TASK:
After locating the line with "this 640×426 image.", reproduce it and all following lines of the listing below exactly, stopping only at the final line.

DATASET EXCERPTS:
╭──
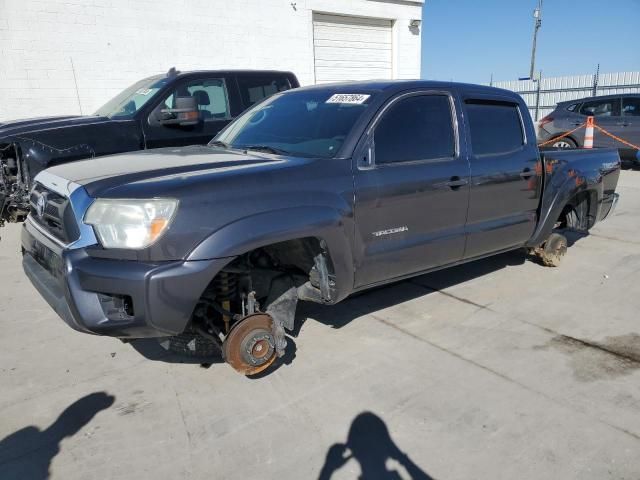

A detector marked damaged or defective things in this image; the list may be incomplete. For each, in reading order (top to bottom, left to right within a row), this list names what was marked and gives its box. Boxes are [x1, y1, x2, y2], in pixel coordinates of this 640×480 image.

damaged pickup truck [0, 68, 300, 232]
damaged pickup truck [21, 81, 620, 376]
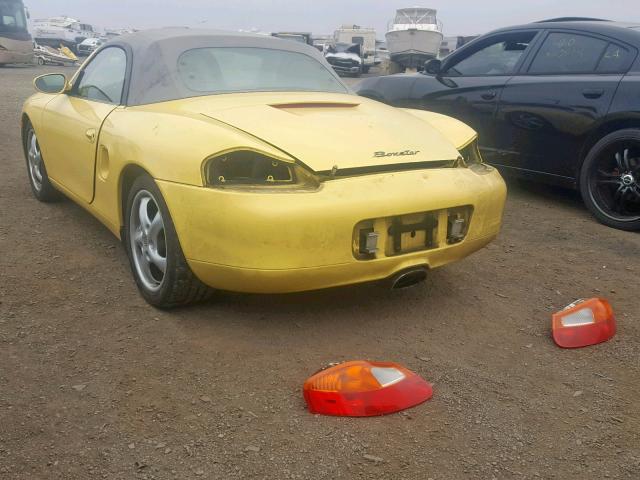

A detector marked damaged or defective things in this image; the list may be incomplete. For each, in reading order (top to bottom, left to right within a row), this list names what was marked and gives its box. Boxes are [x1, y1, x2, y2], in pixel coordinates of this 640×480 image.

missing headlight cover [205, 150, 318, 189]
wrecked car [21, 28, 504, 308]
detached tail light [552, 296, 616, 348]
detached tail light [302, 360, 432, 416]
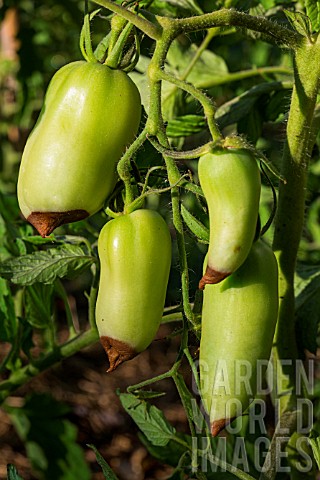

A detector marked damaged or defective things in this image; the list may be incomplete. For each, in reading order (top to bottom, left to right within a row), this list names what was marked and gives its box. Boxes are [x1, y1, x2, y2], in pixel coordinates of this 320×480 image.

brown damaged tip [27, 209, 89, 237]
brown damaged tip [198, 266, 230, 288]
brown damaged tip [100, 336, 138, 374]
brown damaged tip [210, 418, 235, 436]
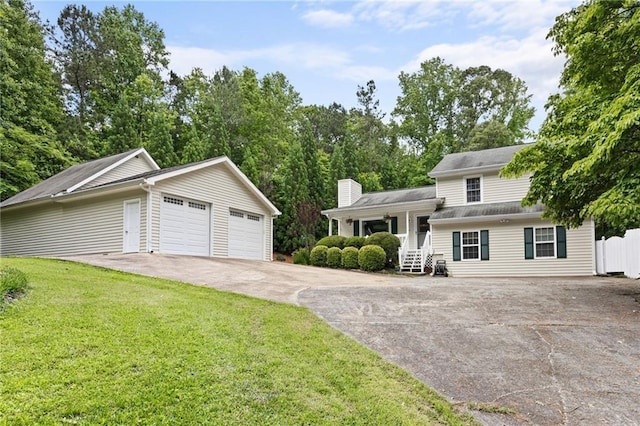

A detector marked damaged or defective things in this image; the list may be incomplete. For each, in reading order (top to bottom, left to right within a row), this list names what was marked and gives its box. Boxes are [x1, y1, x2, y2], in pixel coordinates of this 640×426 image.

driveway crack [532, 328, 568, 424]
╰──
OUTPUT OF THE EXERCISE:
A detector marked damaged or defective things in this image; the list may be incomplete. For each, in reading order (top to bottom, left to right within a row), this list names what was marked and gives its box. Boxes are [x1, y1, x2, y2], in pixel coordinates of this 640×426 image.

driveway crack [532, 328, 568, 424]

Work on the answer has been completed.